Brief descriptive captions
********************

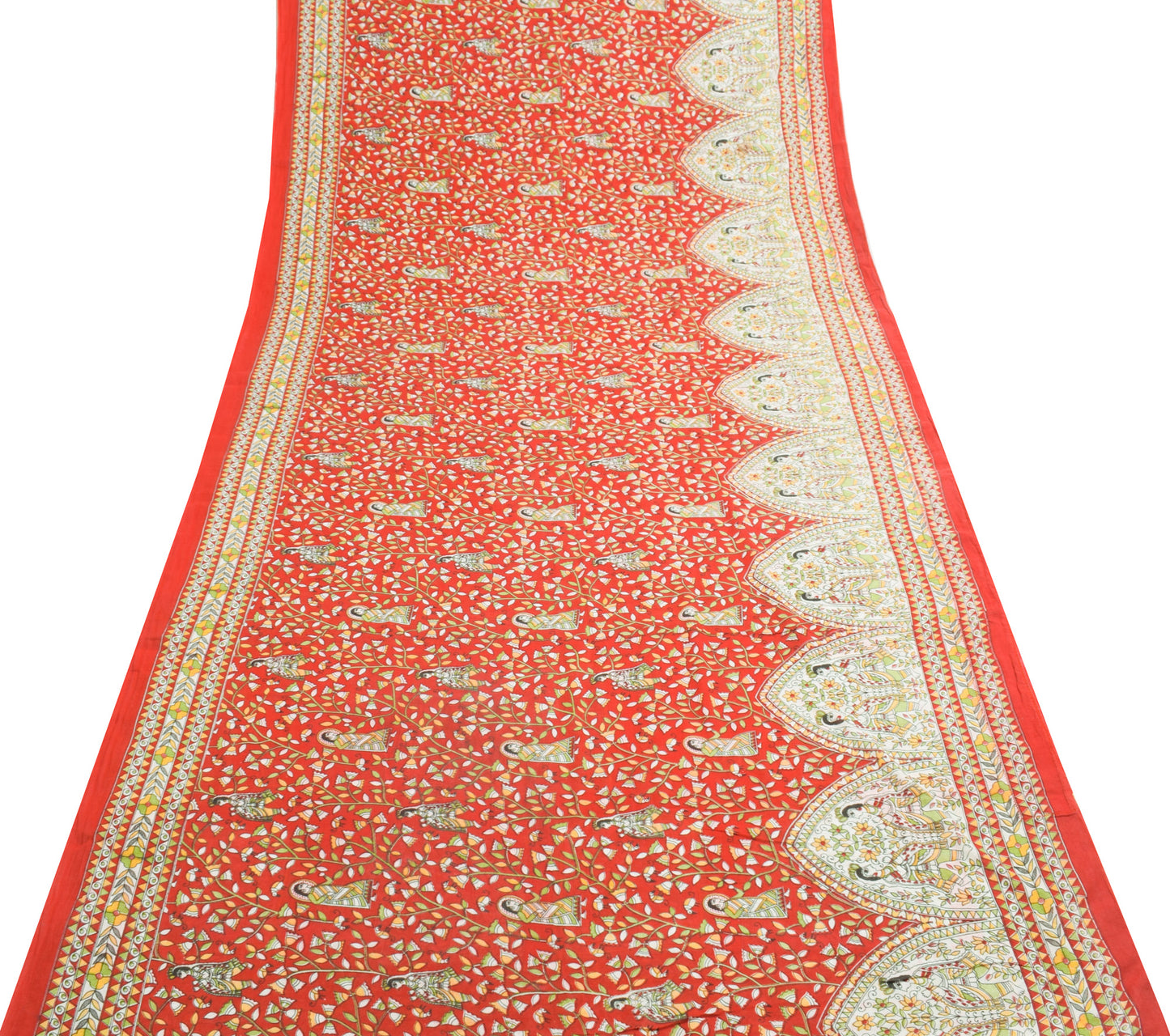 Sushila Vintage Red Saree 100% Pure Cotton Madhubani Printed Soft Craft Fabric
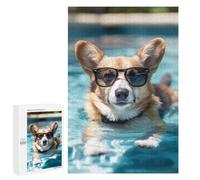 Rompecabezas 1000 PCS para Adultos Corgi Pool Swimming Funny Rompecabezas para Adultos Juego De Ingenio Regalo De Cumpleaños Ayuda A Ejercitar El Cerebro 1000 PCS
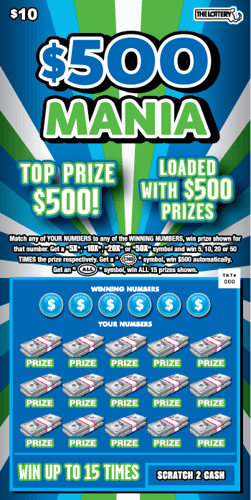 $500 MANIA scratch-off ticket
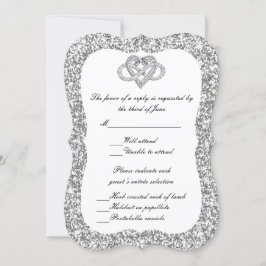Convites Placa de Resposta Cardíaca Infinita à Glitter Silv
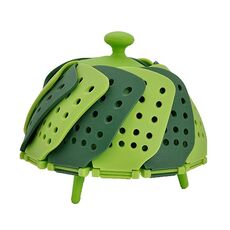 Household Foldable Plastic Lotus Steamer Kitchen Drainage Vegetable Storage Basket(Green)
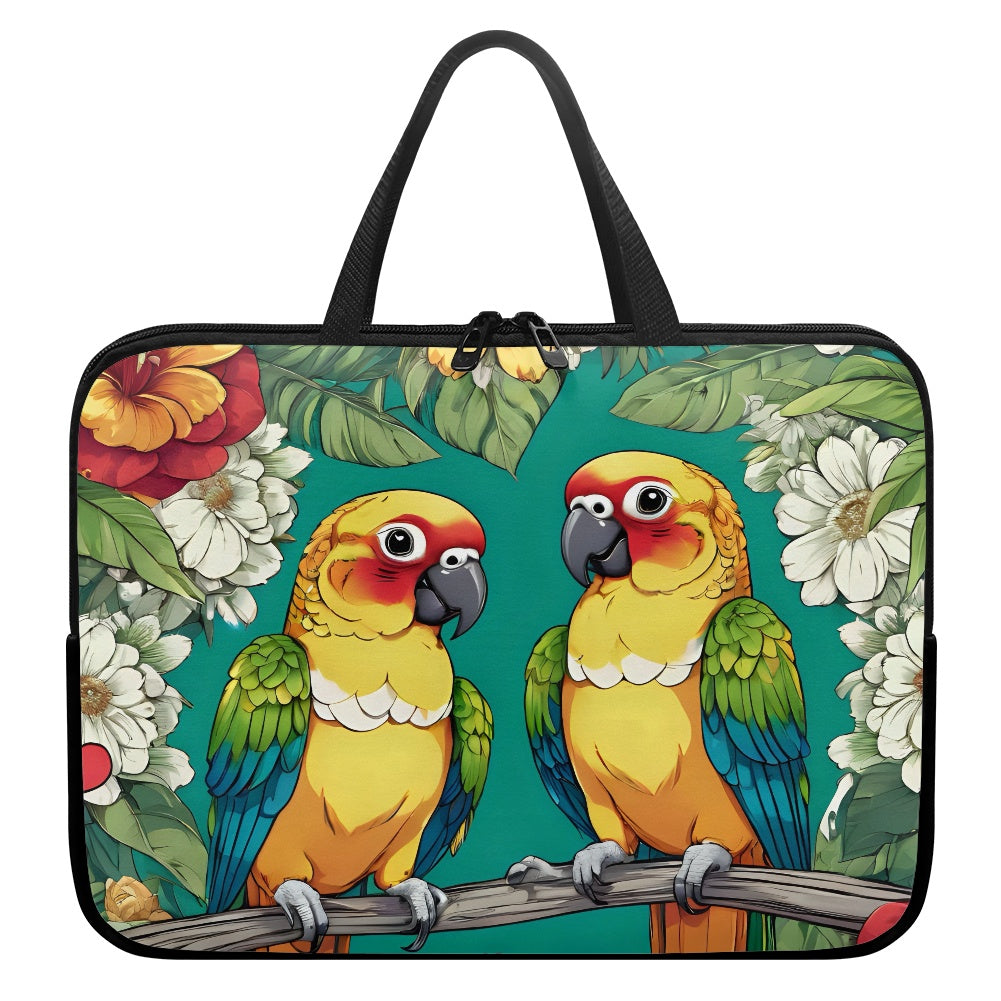 Sun Conure Parrots Laptop Sleeve Bag - Vibrant and Protective BriBeesCreations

********************

Retype the records above exactly. Leave the pictures out.

 Sushila Vintage Red Saree 100% Pure Cotton Madhubani Printed Soft Craft Fabric
 Rompecabezas 1000 PCS para Adultos Corgi Pool Swimming Funny Rompecabezas para Adultos Juego De Ingenio Regalo De Cumpleaños Ayuda A Ejercitar El Cerebro 1000 PCS
 $500 MANIA scratch-off ticket
Convites Placa de Resposta Cardíaca Infinita à Glitter Silv
 Household Foldable Plastic Lotus Steamer Kitchen Drainage Vegetable Storage Basket(Green)
 Sun Conure Parrots Laptop Sleeve Bag - Vibrant and Protective BriBeesCreations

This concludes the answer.